* Task requirements: Copy exactly every line below, from the first through the one that contains "GYPSUM - ROSE", and skip all pictures.

(Excerpts from a dataset)
----------
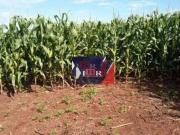 Fazenda para Venda em Dourados/MS Zona Rural
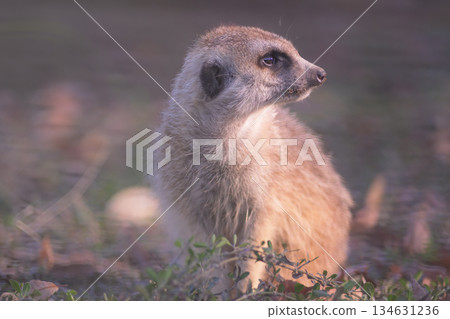 Meerkat gazing into the distance 134631236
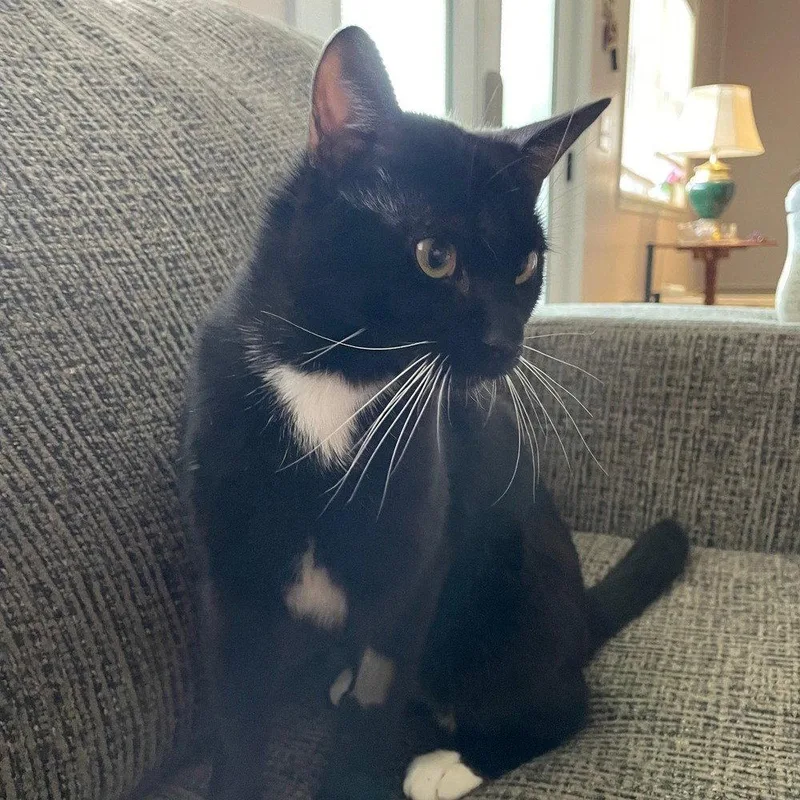 A baby medium-sized male Black & White / Tuxedo Domestic Short Hair cat named Late Show for adoption in Candler, NC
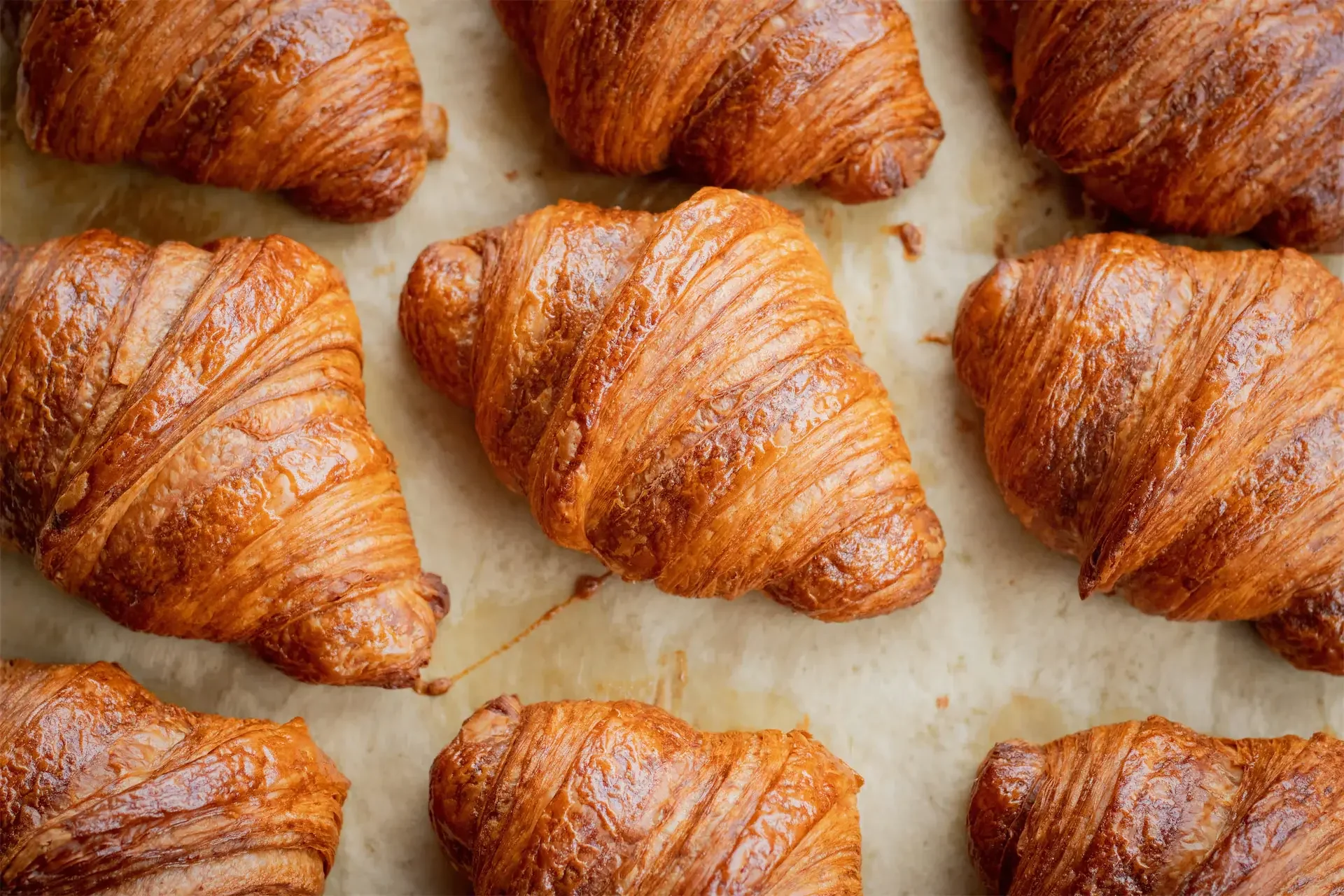 Freshly baked croissants on parchment paper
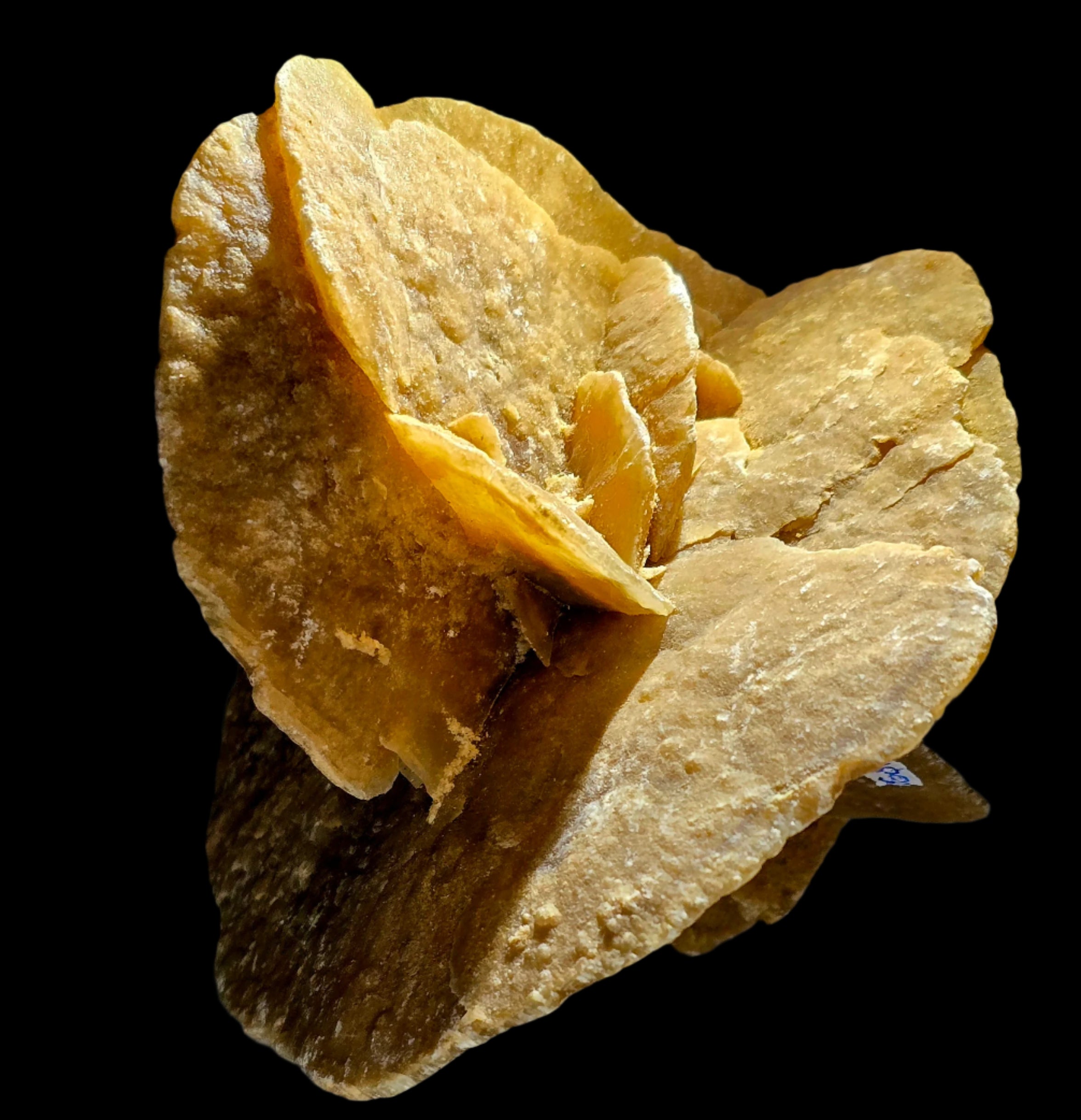 GYPSUM - ROSE DU DÉSERT, DÉSERT DU SAHARA MAROC (grande vitrine)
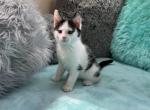 Kittens Male Black & White and Tabby & White - Domestic Kitten For Sale - Steger&comma; IL&comma; US
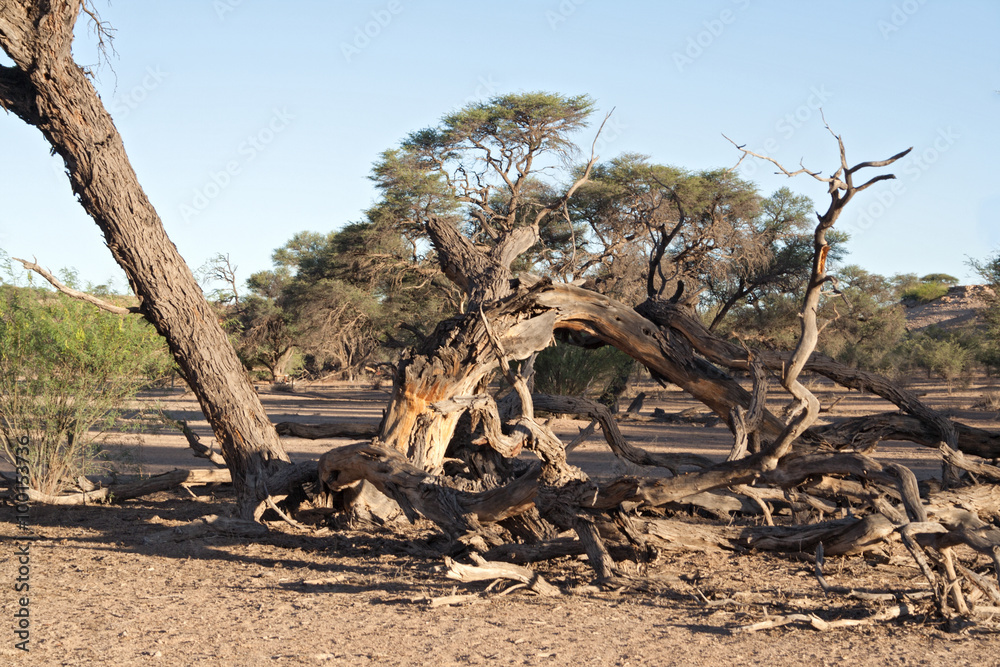 Dead tree in the Auob River, Namibia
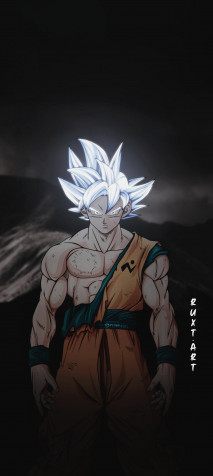 Goku Ultra Instinct Android Wallpaper 1080x2408px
----------
* Completed exercise:
 Fazenda para Venda em Dourados/MS Zona Rural
 Meerkat gazing into the distance 134631236
 A baby medium-sized male Black & White / Tuxedo Domestic Short Hair cat named Late Show for adoption in Candler, NC
 Freshly baked croissants on parchment paper
 GYPSUM - ROSE DU DÉSERT, DÉSERT DU SAHARA MAROC (grande vitrine)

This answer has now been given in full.